The Assembly II and Assembly III solar projects have reached commercial operation (COD), states D. E. Shaw Renewable Investments (DESRI) in partnership with Ranger Power, a Chicago-based utility-scale solar development company and the largest independent solar developer in Michigan.

Assembly Solar II is a 110 MW AC solar facility and Assembly Solar III is a 79 MW AC solar facility, both of which are located in Shiawassee County, Mich. The Assembly II project reached commercial operation in December 2021, while the Assembly III project reached commercial operation in March 2022.

“We are very pleased to reach COD at Assembly II and III and to continue to invest in cost-effective clean energy in Michigan,” says David Zwillinger, CEO of DESRI. “It was a pleasure to work with all of our business partners including our offtakers, lenders, tax equity investors and development partners at Ranger Power.”

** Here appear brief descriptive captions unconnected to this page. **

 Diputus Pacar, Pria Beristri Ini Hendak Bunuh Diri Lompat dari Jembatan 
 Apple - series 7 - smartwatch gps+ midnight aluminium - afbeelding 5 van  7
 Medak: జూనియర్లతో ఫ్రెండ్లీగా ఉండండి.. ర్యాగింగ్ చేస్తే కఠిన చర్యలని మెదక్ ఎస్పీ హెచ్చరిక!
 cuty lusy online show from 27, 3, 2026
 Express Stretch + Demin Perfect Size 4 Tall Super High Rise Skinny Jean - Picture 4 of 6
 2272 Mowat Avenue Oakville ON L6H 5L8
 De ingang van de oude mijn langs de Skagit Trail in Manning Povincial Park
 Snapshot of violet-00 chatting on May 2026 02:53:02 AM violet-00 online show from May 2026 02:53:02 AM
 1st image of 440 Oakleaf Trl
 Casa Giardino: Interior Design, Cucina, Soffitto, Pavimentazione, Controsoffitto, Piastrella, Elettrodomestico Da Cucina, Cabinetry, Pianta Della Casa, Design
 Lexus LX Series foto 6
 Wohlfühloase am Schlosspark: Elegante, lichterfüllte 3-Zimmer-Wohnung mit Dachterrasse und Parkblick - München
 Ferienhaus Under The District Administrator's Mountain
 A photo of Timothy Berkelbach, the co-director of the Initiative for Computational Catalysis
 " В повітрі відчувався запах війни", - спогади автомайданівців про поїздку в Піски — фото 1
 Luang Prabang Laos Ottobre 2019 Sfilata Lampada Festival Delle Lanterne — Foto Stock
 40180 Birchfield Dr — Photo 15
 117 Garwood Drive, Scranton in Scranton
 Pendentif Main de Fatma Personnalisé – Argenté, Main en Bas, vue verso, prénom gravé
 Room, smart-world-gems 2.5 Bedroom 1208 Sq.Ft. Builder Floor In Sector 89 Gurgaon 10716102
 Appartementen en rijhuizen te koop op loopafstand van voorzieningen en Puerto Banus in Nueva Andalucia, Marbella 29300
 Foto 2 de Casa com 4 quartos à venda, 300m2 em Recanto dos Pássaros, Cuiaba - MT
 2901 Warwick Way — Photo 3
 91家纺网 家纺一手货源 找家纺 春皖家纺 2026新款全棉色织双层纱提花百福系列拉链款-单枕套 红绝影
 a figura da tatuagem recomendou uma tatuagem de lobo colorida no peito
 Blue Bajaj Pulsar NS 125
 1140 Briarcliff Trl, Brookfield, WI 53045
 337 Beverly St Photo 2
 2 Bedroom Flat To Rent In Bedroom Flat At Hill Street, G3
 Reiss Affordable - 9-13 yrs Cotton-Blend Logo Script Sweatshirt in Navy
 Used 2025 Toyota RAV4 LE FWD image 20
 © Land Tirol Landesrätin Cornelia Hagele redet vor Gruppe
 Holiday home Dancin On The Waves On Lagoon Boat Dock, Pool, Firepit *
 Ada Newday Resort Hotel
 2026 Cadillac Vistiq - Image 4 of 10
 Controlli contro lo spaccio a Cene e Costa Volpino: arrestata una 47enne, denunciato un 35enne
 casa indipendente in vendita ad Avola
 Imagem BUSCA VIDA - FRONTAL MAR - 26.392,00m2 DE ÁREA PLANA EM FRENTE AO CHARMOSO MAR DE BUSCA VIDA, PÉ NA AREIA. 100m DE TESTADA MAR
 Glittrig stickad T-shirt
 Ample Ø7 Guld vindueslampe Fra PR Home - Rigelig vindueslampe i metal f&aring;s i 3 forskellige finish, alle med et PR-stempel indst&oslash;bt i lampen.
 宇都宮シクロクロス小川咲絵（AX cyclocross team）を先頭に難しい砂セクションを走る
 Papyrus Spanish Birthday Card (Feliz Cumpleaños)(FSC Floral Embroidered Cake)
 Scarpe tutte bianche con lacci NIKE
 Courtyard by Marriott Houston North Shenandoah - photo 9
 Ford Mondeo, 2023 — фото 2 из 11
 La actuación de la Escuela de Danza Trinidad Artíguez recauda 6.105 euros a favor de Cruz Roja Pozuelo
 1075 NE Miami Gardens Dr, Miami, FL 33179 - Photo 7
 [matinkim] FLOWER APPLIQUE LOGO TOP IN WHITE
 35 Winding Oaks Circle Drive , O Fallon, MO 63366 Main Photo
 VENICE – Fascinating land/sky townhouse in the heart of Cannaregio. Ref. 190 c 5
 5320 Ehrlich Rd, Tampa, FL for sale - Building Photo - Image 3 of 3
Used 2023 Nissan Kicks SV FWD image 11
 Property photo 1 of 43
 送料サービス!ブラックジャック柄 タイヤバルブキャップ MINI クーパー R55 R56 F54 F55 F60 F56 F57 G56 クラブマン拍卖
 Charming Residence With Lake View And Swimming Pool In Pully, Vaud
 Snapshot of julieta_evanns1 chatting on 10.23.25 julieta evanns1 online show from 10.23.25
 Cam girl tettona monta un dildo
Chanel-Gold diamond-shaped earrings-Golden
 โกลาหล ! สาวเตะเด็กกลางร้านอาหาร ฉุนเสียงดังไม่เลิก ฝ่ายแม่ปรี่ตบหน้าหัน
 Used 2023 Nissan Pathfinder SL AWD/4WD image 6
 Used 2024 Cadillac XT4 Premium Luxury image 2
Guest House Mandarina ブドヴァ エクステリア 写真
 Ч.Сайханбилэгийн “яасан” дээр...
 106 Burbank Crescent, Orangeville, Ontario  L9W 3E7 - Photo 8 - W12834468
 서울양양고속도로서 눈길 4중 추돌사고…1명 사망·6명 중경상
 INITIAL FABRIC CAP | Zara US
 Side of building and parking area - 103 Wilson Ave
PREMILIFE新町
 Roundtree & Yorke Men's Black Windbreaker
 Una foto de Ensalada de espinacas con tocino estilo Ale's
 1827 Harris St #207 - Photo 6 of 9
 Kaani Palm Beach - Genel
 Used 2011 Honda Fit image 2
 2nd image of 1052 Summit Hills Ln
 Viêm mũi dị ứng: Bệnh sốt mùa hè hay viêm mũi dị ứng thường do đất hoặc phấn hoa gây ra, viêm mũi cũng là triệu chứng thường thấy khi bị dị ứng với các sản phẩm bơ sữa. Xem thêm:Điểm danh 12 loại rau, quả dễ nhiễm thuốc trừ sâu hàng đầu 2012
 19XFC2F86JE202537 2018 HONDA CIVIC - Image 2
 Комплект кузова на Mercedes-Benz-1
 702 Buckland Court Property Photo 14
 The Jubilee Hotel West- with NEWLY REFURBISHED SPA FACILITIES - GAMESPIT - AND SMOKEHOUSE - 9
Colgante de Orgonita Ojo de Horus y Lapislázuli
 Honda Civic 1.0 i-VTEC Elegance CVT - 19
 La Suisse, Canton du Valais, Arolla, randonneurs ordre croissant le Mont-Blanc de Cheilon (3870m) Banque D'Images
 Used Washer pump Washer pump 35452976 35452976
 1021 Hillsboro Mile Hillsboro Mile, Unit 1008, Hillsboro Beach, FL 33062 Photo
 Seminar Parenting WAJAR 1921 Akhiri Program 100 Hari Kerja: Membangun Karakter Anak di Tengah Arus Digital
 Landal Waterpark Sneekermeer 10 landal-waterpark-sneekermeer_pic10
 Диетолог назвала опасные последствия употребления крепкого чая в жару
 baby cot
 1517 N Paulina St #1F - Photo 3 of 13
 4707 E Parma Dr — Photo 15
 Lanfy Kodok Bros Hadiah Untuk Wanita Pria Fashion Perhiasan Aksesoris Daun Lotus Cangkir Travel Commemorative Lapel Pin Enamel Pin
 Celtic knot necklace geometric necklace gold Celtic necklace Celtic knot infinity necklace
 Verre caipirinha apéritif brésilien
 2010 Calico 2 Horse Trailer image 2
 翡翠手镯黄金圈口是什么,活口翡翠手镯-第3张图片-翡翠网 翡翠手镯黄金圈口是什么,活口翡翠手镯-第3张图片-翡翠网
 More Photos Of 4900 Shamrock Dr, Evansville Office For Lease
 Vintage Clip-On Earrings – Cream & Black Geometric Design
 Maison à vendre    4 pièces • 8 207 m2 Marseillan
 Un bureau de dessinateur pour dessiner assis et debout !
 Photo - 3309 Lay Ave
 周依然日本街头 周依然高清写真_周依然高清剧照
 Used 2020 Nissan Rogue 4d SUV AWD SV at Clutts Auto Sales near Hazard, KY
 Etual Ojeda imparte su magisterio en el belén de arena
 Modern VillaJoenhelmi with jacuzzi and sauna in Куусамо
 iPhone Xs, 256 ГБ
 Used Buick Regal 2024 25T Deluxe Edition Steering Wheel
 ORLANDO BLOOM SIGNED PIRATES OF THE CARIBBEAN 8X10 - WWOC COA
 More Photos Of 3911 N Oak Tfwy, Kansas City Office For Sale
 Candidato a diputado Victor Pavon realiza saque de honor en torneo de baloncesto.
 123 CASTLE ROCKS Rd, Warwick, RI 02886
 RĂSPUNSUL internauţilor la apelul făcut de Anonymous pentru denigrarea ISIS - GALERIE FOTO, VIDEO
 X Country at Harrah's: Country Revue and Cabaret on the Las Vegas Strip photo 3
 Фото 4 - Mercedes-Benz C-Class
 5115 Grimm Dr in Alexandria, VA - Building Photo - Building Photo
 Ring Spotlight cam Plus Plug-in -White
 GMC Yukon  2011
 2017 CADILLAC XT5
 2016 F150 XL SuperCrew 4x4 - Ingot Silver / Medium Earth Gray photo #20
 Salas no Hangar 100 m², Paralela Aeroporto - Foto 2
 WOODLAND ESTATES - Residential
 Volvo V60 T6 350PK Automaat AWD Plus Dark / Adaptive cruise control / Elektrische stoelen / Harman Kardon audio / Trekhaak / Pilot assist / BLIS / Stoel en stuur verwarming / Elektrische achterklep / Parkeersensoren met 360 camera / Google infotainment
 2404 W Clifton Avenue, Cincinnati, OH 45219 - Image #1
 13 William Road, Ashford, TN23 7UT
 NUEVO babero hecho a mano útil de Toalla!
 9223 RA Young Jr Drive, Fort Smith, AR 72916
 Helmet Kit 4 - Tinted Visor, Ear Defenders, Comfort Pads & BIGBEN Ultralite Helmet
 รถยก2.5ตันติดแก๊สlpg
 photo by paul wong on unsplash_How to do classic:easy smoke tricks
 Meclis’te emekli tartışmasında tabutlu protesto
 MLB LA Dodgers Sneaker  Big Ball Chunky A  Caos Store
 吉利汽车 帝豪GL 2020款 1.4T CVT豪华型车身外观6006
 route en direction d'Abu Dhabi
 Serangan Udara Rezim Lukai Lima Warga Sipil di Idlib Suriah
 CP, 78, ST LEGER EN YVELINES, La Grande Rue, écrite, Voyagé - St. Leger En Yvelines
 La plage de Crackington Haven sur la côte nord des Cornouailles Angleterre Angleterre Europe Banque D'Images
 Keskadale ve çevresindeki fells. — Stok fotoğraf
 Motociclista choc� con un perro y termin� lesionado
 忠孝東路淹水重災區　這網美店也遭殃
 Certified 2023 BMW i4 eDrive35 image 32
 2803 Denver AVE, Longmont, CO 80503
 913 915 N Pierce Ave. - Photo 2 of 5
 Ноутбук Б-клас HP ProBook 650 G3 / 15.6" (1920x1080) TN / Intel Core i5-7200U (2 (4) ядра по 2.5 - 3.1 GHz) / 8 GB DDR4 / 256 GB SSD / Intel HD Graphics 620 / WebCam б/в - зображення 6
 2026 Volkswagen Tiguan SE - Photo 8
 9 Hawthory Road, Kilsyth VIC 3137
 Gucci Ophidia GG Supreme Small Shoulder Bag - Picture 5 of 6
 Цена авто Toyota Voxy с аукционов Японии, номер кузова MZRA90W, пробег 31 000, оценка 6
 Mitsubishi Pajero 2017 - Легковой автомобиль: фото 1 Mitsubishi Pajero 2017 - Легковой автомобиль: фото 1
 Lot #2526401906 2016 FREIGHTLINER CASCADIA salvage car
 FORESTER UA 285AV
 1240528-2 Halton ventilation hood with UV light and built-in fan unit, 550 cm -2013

“DESRI is thrilled to see Assembly II and III come online; these two solar projects have brought new construction jobs to Shiawassee County and have marked important contributions to DESRI’s portfolio in Michigan,” adds Chris Clevenger, COO of DESRI. “We appreciate the efforts of McCarthy and our other contracting partners for a smooth construction process.”

Assembly Solar II has two 25-year power purchase agreements (PPA) for a total of 110 MW AC with Michigan Public Power Agency (MPPA) and its largest member, Lansing Board of Water & Light (BWL). These PPAs are incremental to the two 25-year PPAs for 50 MW AC MPPA and BWL executed with Assembly Solar I that reached COD in 2020.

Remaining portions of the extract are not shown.